An interesting gotcha is around the latency based routing: AWS doesn’t always know where the Akamai edge servers (or any edge servers for that matter) are located, so might choose the wrong destination for you. AWS uses the location of your DNS resolver to choose what’s closest, so if you’re using something like Google’s public resolver (8.8.8.8), you can end up with interesting outcomes as well.

Test Test Test

As a result of the outage, many people have talked about using Netflix’s Chaos Monkey. We’ve not gone down that path. What we have done, however, is run disaster recovery exercises against our crucial multi-region systems. Before deploying, we make sure we can take down an entire region, that the system continues to work, and that we can rebuild the lost region without too much of a problem. This gives us confidence around our patterns.

As we establish these patterns and learn more, we’re able to iterate on them and improve our deployments.

Did it work?

In short, yes. One of our services automatically flipped over to our European region when some of its instances had problems.

Queries to the ap-southeast-2 API:

ap-southeast-2 traffic

Queries to the eu-central-1 API:

eu-central-1 traffic

Wow, that sounds manageable, so why not just do it for everything?

Unfortunately, doing something like this doesn’t come for free. You’re looking at doubling your infrastructure costs by going multi-region. It takes well architected systems to function under “eventual consistency”, and to be decoupled in a way that allows redundancy in appropriate parts of the infrastructure. Making your infrastructure immutable comes at some automation cost. We aim for all of these anyhow, but some systems are in a more mature state than others.

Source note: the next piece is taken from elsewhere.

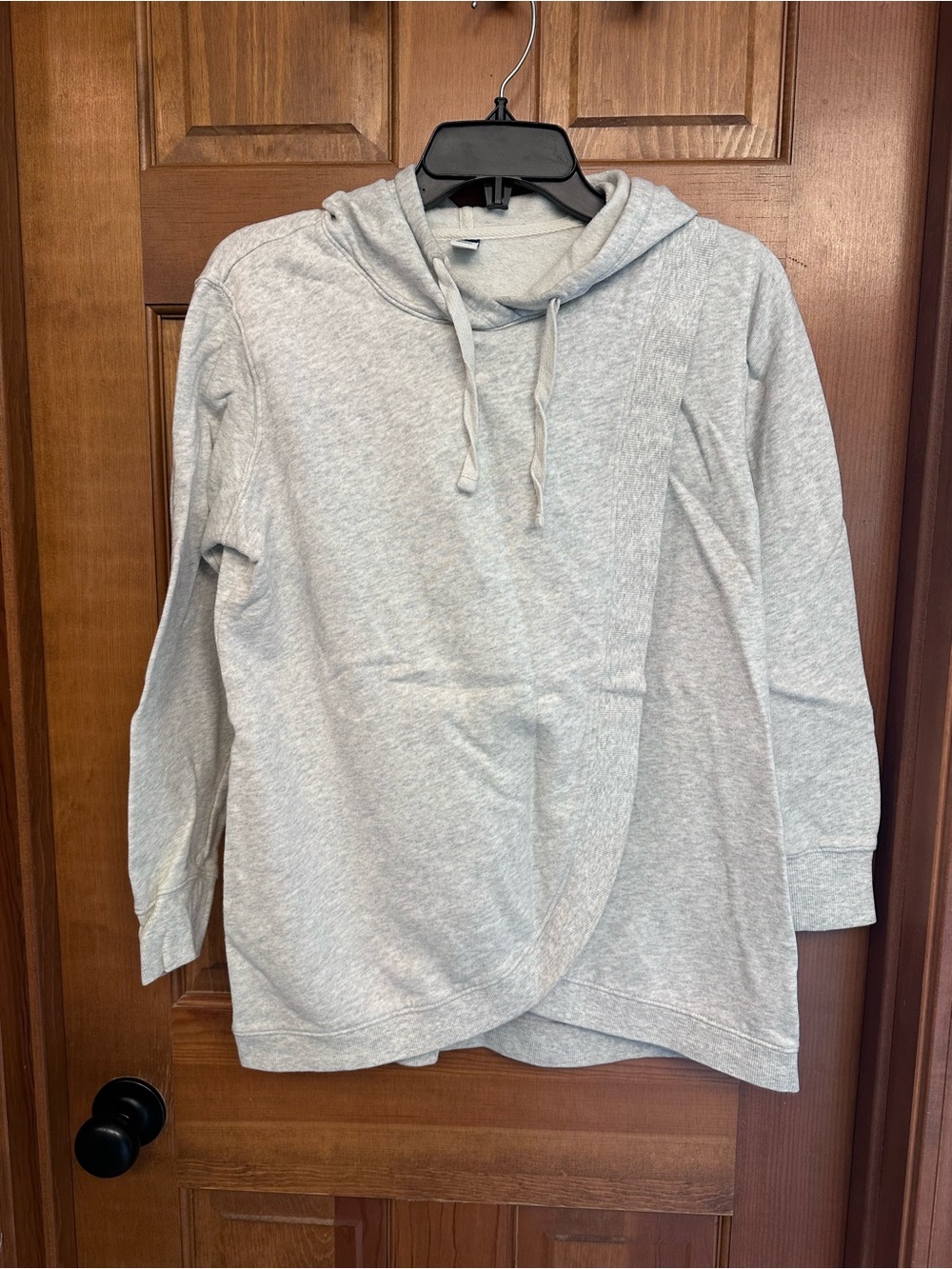 Old Navy Heather Light Gray Maternity and Nursing Hoodie Size M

In cases of writeable data, life gets much harder. Most of our multi-region systems have data travelling in one direction only, to avoid the inevitable consistency/availability trade offs.

And in some cases, it’s just not worth it. Either the SLAs don’t indicate a need for multi region, or the system isn’t critical enough to justify the engineering or infrastructure expense.

The People Factor

None of the above would be possible without teams of developers and operational staff who care about this stuff, and a great “dev ops” culture. Within our teams, developers collaborate closely with operations staff to understand how our systems work and need to be deployed to withstand various failures. There is much more to building a piece of software than just “writing the code”—it is the culmination of all aspects of running successful products.

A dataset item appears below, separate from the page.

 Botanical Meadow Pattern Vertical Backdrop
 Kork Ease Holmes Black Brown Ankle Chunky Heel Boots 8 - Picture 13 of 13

And more than that, we have great teams that self-organise when an incident occurs. The uncertainty around how long this incident would last worried us. Within minutes of AWS experiencing issues, a number of people had convened on a Slack channel discussing the issue, and over time more arrived. People just wanted to help, and with no egos and amazing self organisation, people took on roles that helped patch the various holes and problems that appeared. We had people on the ground (so to speak) who were helping each other out, even outside of their usual areas of expertise. At no stage did if feel like a panic, and people were able to remain calm and focussed throughout. A number of engineering managers and C-level execs popped into the channel to watch, but were happy to keep quiet and out of the way.

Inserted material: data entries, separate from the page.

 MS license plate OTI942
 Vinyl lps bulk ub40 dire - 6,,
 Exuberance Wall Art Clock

I feel it was a real testament to our DevOps culture at REA, and our pride and commitment to the systems we build and operate, that enabled us to work through and resolve the issues we had as a result of this incident.

Overall

While we didn’t get away totally unscathed, we managed without majorly impacting a large number of our consumers through a combination of dedicated, talented people, well architected and engineered solutions (including our use of a multi-region setup), appropriate choice of technology, and a bit of luck from our continued use of a data centre. As we continue our move of our core systems from the data centre to the cloud, this event has shown us that whilst we have things to learn still, our underlying principals around how we handle these sorts of failure check out ok – we have confidence that we’d be ok in the future.